- _What you are asked to do_:
Report each line of the entries below that includes "well".
**** Record set ****
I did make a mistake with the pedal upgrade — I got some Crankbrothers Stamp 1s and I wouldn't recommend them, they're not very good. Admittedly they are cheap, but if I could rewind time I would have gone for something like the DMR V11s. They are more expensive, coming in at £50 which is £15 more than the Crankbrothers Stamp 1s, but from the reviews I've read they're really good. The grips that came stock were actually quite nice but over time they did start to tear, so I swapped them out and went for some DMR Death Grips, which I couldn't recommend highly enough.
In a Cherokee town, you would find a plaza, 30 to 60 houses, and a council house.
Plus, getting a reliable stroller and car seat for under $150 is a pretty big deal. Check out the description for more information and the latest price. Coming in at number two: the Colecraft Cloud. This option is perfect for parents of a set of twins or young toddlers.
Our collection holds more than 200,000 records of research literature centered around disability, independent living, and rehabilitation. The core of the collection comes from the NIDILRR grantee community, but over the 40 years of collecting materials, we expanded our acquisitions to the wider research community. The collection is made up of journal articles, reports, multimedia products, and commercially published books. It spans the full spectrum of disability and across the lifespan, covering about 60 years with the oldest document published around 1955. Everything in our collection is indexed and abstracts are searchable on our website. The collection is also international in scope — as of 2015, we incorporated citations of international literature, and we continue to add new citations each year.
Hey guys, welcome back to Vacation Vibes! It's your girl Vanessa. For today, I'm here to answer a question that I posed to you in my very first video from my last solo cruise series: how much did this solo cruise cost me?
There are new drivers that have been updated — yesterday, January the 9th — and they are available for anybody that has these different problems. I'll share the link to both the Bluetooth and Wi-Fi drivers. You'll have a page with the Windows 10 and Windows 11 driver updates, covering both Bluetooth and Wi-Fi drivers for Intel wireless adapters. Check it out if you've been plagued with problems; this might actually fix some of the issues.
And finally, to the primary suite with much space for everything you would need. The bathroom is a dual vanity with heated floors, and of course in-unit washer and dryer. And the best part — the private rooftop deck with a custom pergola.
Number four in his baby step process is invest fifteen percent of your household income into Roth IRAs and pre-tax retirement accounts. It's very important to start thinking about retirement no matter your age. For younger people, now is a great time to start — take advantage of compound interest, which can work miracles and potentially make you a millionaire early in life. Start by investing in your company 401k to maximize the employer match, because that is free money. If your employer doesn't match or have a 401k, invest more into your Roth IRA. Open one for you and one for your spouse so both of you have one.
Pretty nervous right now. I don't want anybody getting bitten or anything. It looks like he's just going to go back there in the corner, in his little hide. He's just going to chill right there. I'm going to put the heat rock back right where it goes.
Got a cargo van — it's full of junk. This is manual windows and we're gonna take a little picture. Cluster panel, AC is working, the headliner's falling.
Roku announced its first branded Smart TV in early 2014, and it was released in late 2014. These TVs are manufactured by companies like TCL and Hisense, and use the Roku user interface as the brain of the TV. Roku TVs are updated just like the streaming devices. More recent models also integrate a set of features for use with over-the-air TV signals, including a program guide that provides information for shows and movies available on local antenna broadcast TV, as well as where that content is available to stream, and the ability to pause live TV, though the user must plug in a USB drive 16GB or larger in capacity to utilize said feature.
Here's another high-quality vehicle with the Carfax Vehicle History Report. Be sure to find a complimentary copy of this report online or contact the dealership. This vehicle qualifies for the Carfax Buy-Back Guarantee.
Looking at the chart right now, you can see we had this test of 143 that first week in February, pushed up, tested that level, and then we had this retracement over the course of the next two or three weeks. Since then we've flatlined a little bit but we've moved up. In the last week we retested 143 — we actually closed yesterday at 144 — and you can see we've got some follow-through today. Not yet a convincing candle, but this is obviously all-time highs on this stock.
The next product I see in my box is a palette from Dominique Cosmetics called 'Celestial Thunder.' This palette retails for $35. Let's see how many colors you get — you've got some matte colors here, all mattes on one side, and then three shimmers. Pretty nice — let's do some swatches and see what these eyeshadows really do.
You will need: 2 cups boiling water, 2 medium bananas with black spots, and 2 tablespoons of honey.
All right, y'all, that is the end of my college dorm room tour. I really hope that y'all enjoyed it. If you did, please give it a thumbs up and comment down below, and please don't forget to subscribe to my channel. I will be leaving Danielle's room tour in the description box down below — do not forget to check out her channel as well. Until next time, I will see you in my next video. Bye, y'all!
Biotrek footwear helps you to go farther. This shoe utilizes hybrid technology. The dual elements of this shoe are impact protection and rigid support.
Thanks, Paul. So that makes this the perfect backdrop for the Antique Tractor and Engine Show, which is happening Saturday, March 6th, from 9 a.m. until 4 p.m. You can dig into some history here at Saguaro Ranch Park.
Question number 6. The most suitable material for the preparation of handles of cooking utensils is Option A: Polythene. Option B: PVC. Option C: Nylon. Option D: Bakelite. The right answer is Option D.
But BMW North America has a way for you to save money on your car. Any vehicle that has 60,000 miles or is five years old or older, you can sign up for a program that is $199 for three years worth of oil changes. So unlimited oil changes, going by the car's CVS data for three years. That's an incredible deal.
****
- _Reply_:
Roku announced its first branded Smart TV in early 2014, and it was released in late 2014. These TVs are manufactured by companies like TCL and Hisense, and use the Roku user interface as the brain of the TV. Roku TVs are updated just like the streaming devices. More recent models also integrate a set of features for use with over-the-air TV signals, including a program guide that provides information for shows and movies available on local antenna broadcast TV, as well as where that content is available to stream, and the ability to pause live TV, though the user must plug in a USB drive 16GB or larger in capacity to utilize said feature.
All right, y'all, that is the end of my college dorm room tour. I really hope that y'all enjoyed it. If you did, please give it a thumbs up and comment down below, and please don't forget to subscribe to my channel. I will be leaving Danielle's room tour in the description box down below — do not forget to check out her channel as well. Until next time, I will see you in my next video. Bye, y'all!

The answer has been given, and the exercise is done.